Work instruction: Output, without alteration, the first line of the entries and each line after it, stopping with the line that contains "Empty room featuring".

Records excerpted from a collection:
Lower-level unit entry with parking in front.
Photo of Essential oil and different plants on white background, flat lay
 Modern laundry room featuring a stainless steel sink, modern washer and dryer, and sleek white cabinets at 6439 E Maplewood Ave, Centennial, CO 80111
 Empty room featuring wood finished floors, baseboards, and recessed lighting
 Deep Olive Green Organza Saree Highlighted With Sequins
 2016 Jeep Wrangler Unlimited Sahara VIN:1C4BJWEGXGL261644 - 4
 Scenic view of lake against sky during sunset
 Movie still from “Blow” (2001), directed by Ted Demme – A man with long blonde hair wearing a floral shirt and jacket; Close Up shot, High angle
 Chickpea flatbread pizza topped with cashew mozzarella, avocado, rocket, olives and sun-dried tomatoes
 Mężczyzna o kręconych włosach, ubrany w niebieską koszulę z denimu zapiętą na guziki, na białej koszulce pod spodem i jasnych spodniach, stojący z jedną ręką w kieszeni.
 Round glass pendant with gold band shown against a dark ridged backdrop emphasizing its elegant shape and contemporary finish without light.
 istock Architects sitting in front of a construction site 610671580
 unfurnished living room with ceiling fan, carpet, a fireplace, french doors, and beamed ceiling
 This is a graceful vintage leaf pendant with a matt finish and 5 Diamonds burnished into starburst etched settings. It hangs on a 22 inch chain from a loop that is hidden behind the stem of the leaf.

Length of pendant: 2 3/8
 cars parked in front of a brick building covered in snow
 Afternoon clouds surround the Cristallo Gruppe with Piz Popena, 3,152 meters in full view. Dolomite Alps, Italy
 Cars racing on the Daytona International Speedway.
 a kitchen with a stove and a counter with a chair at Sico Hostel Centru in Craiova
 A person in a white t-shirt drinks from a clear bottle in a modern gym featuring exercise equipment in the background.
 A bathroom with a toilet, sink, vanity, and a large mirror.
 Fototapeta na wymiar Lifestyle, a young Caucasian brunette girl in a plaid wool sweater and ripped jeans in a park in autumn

Result:
Lower-level unit entry with parking in front.
Photo of Essential oil and different plants on white background, flat lay
 Modern laundry room featuring a stainless steel sink, modern washer and dryer, and sleek white cabinets at 6439 E Maplewood Ave, Centennial, CO 80111
 Empty room featuring wood finished floors, baseboards, and recessed lighting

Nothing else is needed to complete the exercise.